►

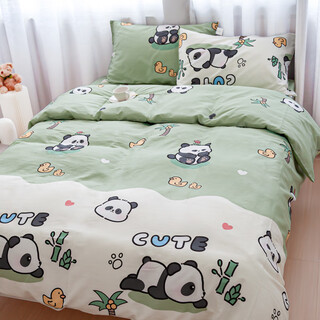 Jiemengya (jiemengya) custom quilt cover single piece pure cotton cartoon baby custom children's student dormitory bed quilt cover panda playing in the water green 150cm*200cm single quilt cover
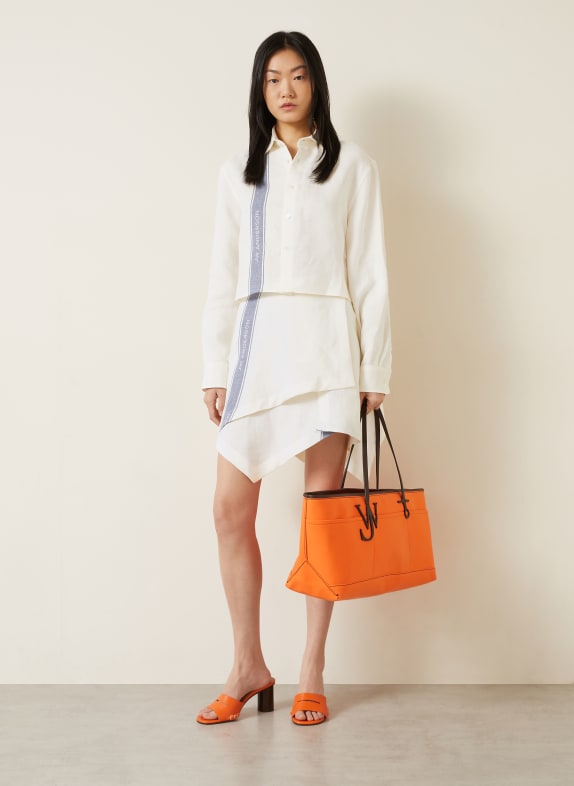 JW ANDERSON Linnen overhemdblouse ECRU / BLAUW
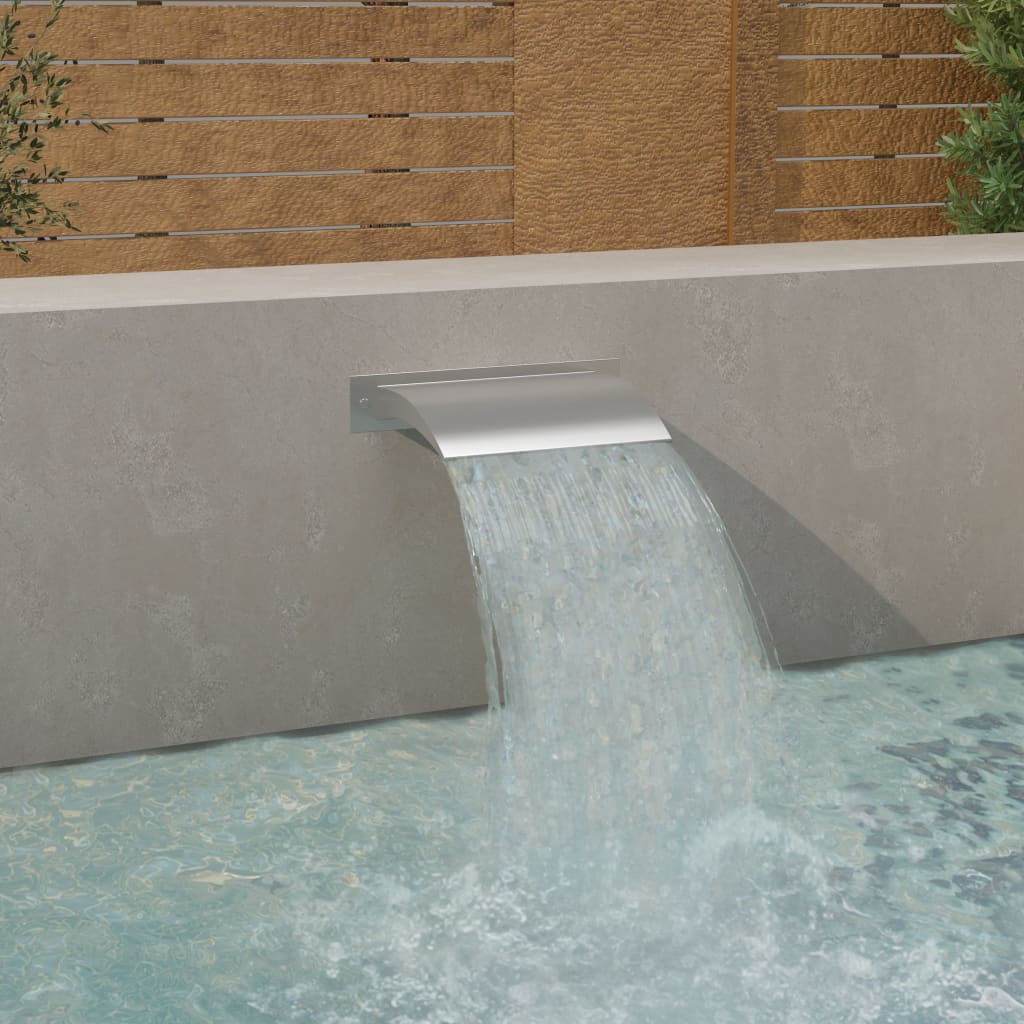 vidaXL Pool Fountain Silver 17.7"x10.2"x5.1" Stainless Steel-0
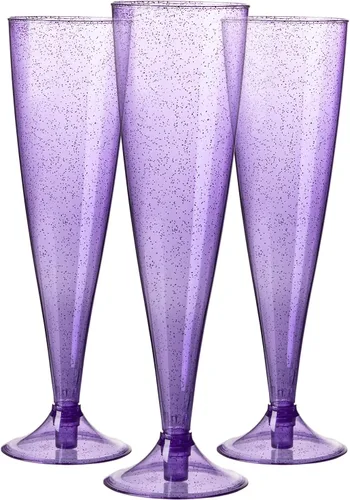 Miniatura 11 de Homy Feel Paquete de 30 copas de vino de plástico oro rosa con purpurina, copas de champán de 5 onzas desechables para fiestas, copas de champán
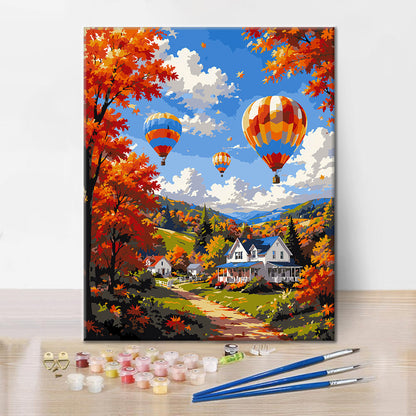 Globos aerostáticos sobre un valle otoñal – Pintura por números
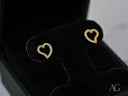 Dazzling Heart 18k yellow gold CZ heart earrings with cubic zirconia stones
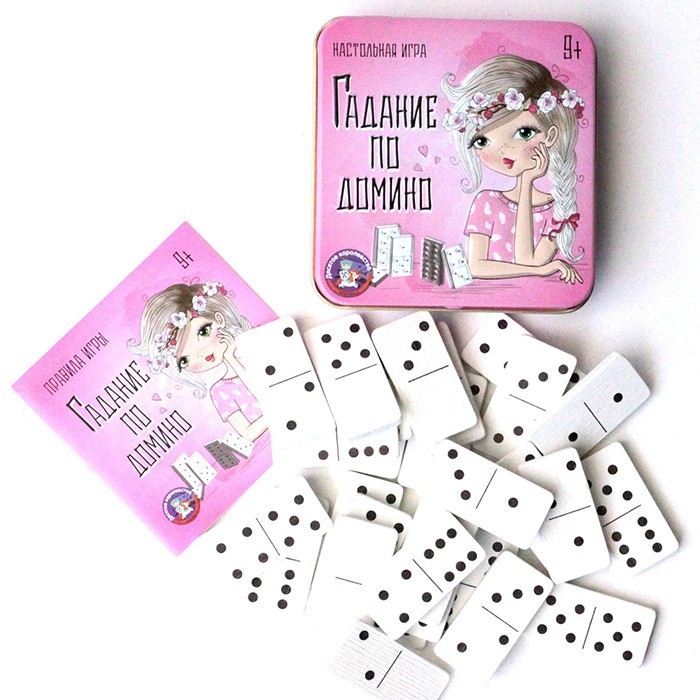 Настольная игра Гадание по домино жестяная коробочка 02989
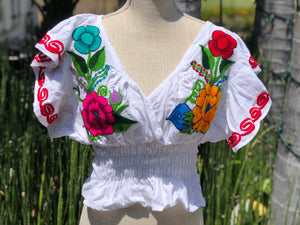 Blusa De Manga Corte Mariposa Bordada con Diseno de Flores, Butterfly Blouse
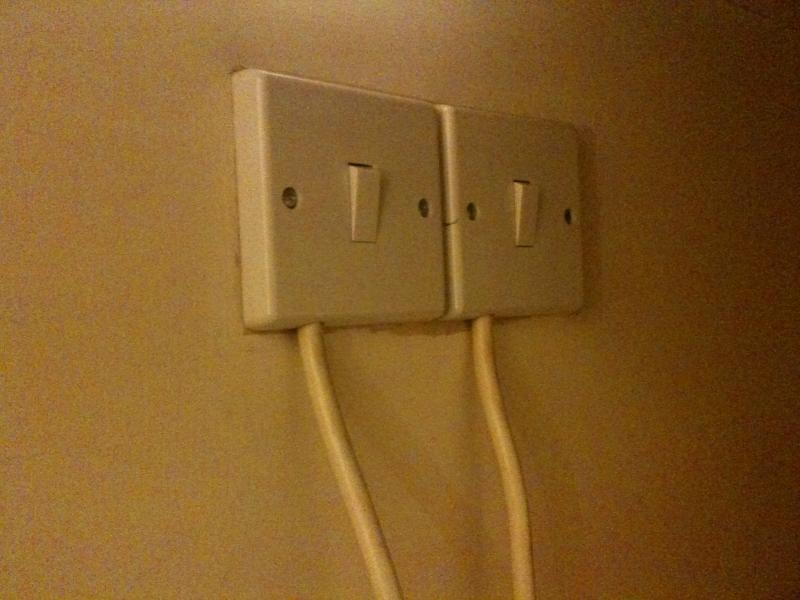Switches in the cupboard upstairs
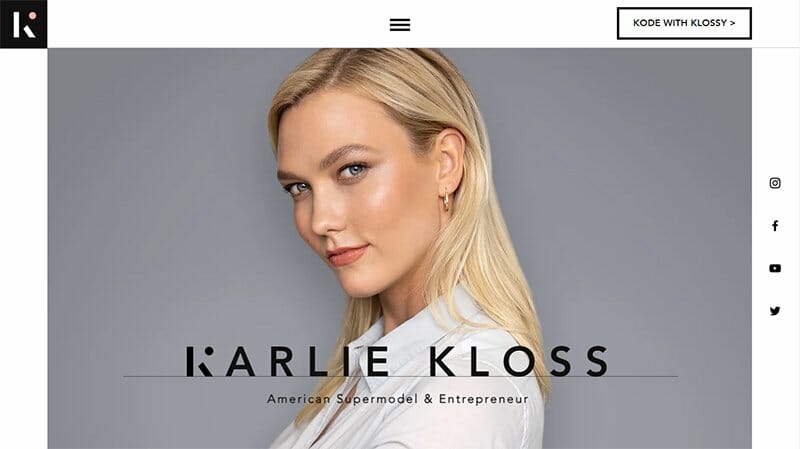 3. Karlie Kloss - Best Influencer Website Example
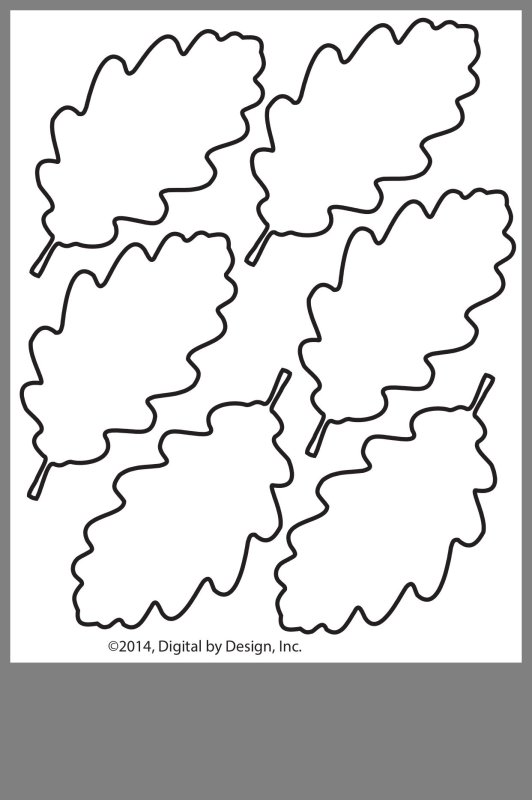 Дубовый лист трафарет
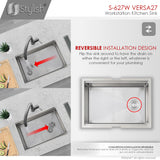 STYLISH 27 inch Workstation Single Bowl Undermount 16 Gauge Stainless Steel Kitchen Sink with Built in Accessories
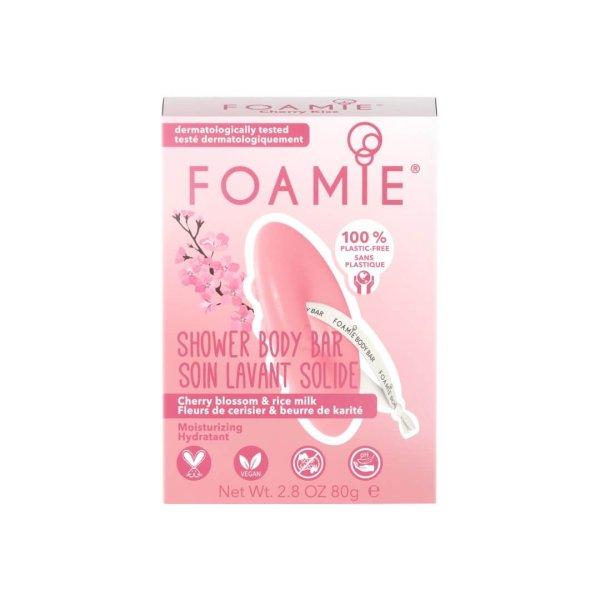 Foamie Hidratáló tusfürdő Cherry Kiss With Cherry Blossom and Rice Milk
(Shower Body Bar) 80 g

◄

BRIEF: Repeat each line of the records above exactly, but do not copy the pictures.

EXERCISE OUTPUT:
 Jiemengya (jiemengya) custom quilt cover single piece pure cotton cartoon baby custom children's student dormitory bed quilt cover panda playing in the water green 150cm*200cm single quilt cover
 JW ANDERSON Linnen overhemdblouse ECRU / BLAUW
 vidaXL Pool Fountain Silver 17.7"x10.2"x5.1" Stainless Steel-0
 Miniatura 11 de Homy Feel Paquete de 30 copas de vino de plástico oro rosa con purpurina, copas de champán de 5 onzas desechables para fiestas, copas de champán
 Globos aerostáticos sobre un valle otoñal – Pintura por números
 Dazzling Heart 18k yellow gold CZ heart earrings with cubic zirconia stones
 Настольная игра Гадание по домино жестяная коробочка 02989
 Blusa De Manga Corte Mariposa Bordada con Diseno de Flores, Butterfly Blouse
Switches in the cupboard upstairs
 3. Karlie Kloss - Best Influencer Website Example
 Дубовый лист трафарет
 STYLISH 27 inch Workstation Single Bowl Undermount 16 Gauge Stainless Steel Kitchen Sink with Built in Accessories
 Foamie Hidratáló tusfürdő Cherry Kiss With Cherry Blossom and Rice Milk
(Shower Body Bar) 80 g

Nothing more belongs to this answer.